Foxconn’s Shunsin plans $80 billion chip plant in Vietnam
The tech firm strengthens global manufacturing to mitigate risks and boost output.
Foxconn subsidiary Shunsin has submitted a request for an $80 million investment permit to establish an integrated circuit manufacturing plant in Bac Giang province, northern Vietnam. This development is detailed in a document from Vietnam’s environment ministry and represents a significant expansion of Foxconn’s operations in the region. The proposed facility aims to produce and process electronic components, particularly integrated circuit boards and is expected to commence full-scale operations by December 2026, with an annual production capacity of 4.5 million units.
This move aligns with Foxconn’s ongoing strategy to diversify its manufacturing base outside of China, especially in Southeast Asia, where it has already made substantial investments. The products manufactured at the new Shunsin plant will be designated for export, targeting major markets including the US, EU, and Japan. This export focus underscores Foxconn’s commitment to meeting the growing global demand for advanced electronic components.

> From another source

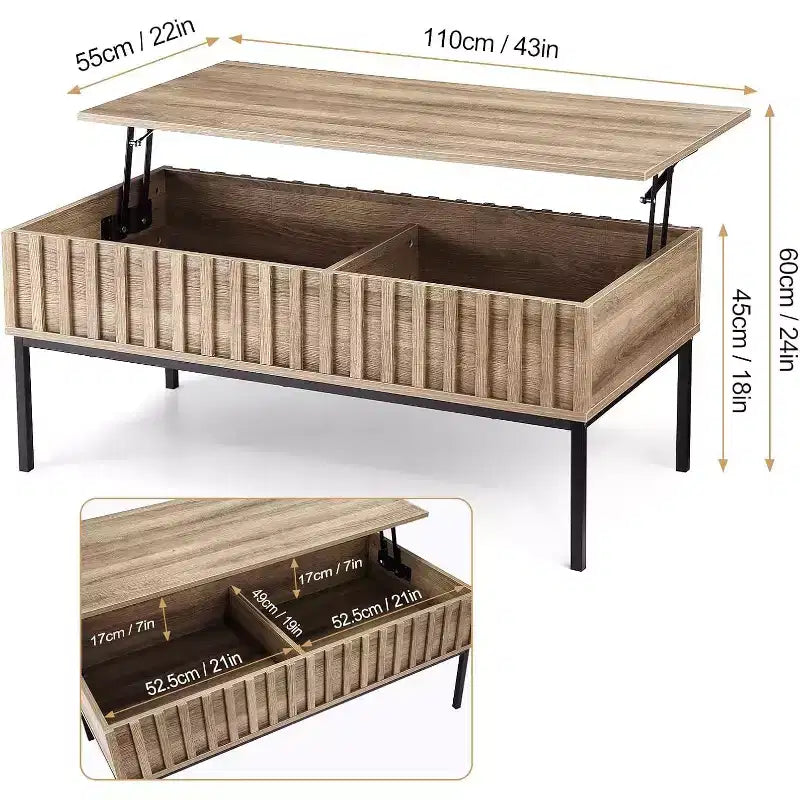Tavolino da caffè sollevabile con scomparto nascosto, tavolino moderno con contenitore, tavolino da tè con piano rialzabile in legno scanalato per soggiorno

Foxconn, officially known as Hon Hai Precision Industry, is recognised as the world’s largest contract electronics manufacturer. Since entering Vietnam in the early 2000s, the company has invested over $3.2 billion in various operations across the country. Its manufacturing footprint is primarily concentrated in northern provinces like Bac Ninh and Bac Giang, which have become key hubs for electronics production. In July, Foxconn also received a license to invest $383 million in a factory dedicated to printed circuit boards, further enhancing its capabilities in the region.